- Location: Kulu, Konya Province, Turkey
- Coordinates: 39°05′N 33°08′E﻿ / ﻿39.083°N 33.133°E
- Basin countries: Turkey
- Surface area: 860 ha (2,100 acres)
- Surface elevation: 950 m (3,120 ft)
- Islands: 9

= Lake Düden =

Lake in Kulu, Konya, Turkey

Lake Düden, also known as Lake Kulu, (Düden Gölü or Kulu Gölü), is a brackish water lake in Konya Province, Turkey.
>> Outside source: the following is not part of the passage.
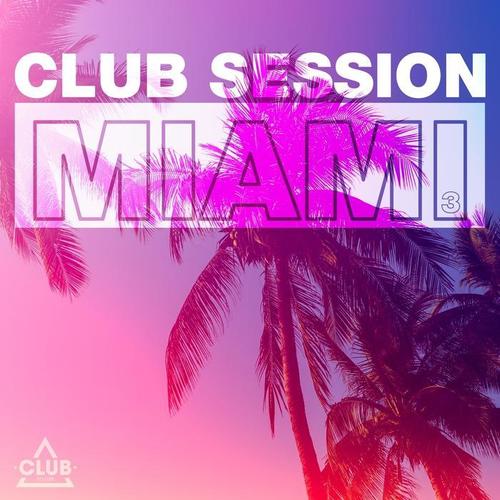 Club Session Miami, Vol. 3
Lake Düden is located northwest of Lake Tuz and 5 km east of Kulu town in Konya Province at an elevation of 950 m. It is a shallow brackish water lake covering 860 ha area. The lake is fed mainly by Kulu Creek, Değirmenözü Creek, in the west. It has no outlet. Spring waters around lake contribute also to the lake's feeding. There are nine islets inside the lake. In the south of the lake, there is a fresh water lake named "Little Lake" (Küçük Göl) surrounded by dense reeds. While the ducks generally brooding at the Little Lake in the south, the gulls and common terns prefer the islets in colonies. Lake Düden, Lake Little and their surrounding area of wetlands and steppes are declared protected area in 1992.

==Ecosystem==
- Flora
Most of the nine islets are covered by grass in the spring season. The lake is surrounded by wheat fields of dryland farming and naked steppe. In the north, there are water-meadows at some places used for cattle grazing.

- Fauna
Lake Düden is a habitat for around 40,000 waders of more than 170 species during both breeding and migration periods. The area houses summer breeds like marbled duck, ferruginous duck, white-headed duck, avocet, greater sand plover, Mediterranean gull and gull-billed tern. Before and after breeding periods, a great number of waders are observed, including black-necked grebe, ruddy shelduck, white-headed duck, black-winged stilt, avocet and snowy plover. In the winter time, the lake freezes. However, greater white-fronted goose can be observed in great numbers. Other breeding species are Eurasian spoonbill, pratincole, slender-billed gull and black-headed gull. Lake Düden is an important breeding habitat in Turkey for the world-wide endangered species white-headed duck. Lately, flamingo colonies came to the lake.

It is a popular site for birdwatchers from Ankara.

==Environmental threat==
The sinking of water level in the lake is the most important threat. The excessive consumption of groundwater and surface water in the Konya Closed Basin started to affect the lake. Despite the intensive snowfall in 2006, the lake has almost completely dried out. As a result of the sinking of water level, the islets were connected with each other, and the breeding of birds stopped. The untreated waste water of the Kulu district was dumped in the past into Kulu Creek, which feeds the lake. The plan of Kulu municipality to build roads to and around the lake, and to afforest the lake's surrounding would be a threat for the breeding birds. Another important issue is the poaching.

In 2010, the district administration undertook measures to save the lake by building a waste water treatment facility and preventing unlawful water usage from the creek.